Credit refers to providing resources or granting a loan to one party by another. The party which receives the loan does not immediately reimburse the loan provider thereby giving rise to a debt. The borrower goes for repaying or returning those resources of same value at a subsequent date. Credit actually refers to a type of deferred payment. The party which gives the resources is known as a creditor or lender, while the receiving party is called a borrower.
Financial capital movements are usually dependent on equity transfers or credit. Credit depends on the credit worthiness of the party which borrows the funds. A formal monetary system is not always the basis for credit. The concept of credit may also be applicable in barter economies.
Contrary to money, credit cannot by itself act as an account unit. However, different types of credit may play the role of an exchange medium. Thus several types of credit are often called money and included in money supply estimation.
Types of credit
Understanding of the various credit types will help you in better credit management.
In the field of commercial trade, trade credit refers to granting permission for making delayed payments for goods and services by a company on purchases made by a customer. These are the major types of consumer credit.

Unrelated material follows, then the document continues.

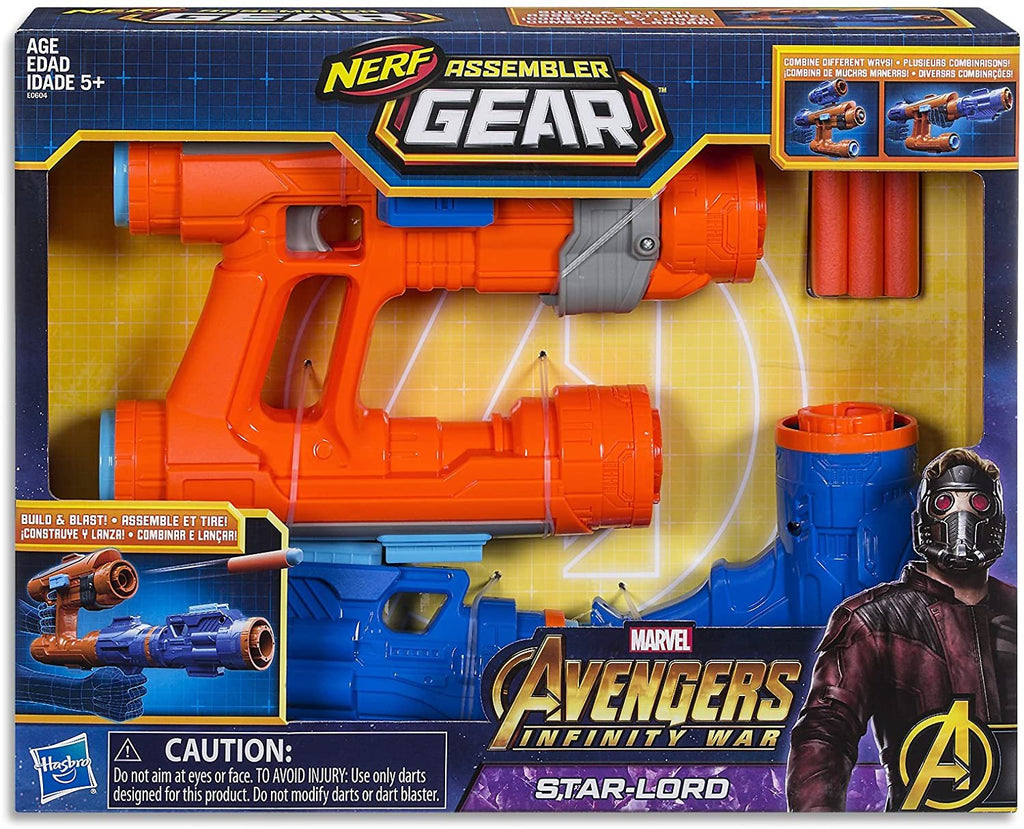 Marvel Avengers: Infinity War Nerf Star-Lord Assembler Gear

• Loans: Loans allow you to borrow money which is to be repaid along with interest. Loans are obtained for a variety of purpose like financing for a new car, buying or renovation of a home and also for paying tuition fees. You can also get a debt consolidation fund, which works by combining in all present debts from many creditors into a single lesser interest payment scheme. You may even obtain a credit line to be linked to your savings account which will give you protection against check bouncing, in case you issue a check for the amount exceeding your balance in the account. Loans may be divided into these types:
a) Secured loans: These come with a guarantee of collateral like a home, car or cash deposit.
b) Unsecured loans: These types of loans do not need any collateral and are provided entirely based on your credit worthiness and capacity to repay.

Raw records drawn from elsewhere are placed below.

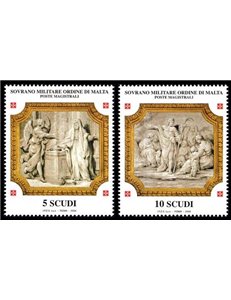 SMOM 2004 St. John the Baptist 2v MNH**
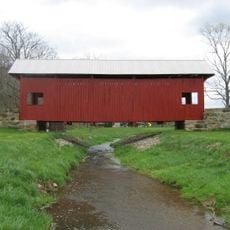 Wyit Sprowls Covered Bridge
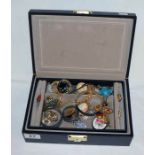 Jewellery box and contents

c) Installment loans: This type of loan is paid back in fixed monthly installment mode throughout a specified time period. Mortgages and auto loans are certain types of installment loans.

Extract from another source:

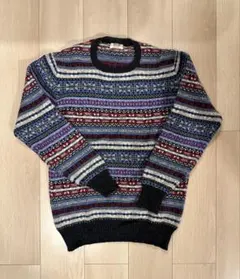 シェットランド ニット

• Credit cards: These are different from installment loans in the sense that credit cards permit repeated transactions till the maximum credit limit, set forth by the card issuer. Every time you purchase something using your credit card, you are basically borrowing money till you repay it. If you pay the amount gradually over time, the card issuer will add finance charges to your credit card account. You will be asked to make a calculated payment every month until the total amount is repaid.
For a good credit history, you must ensure saving for emergencies, paying bills immediately and fully understanding the agreement terms of a loan or a credit card.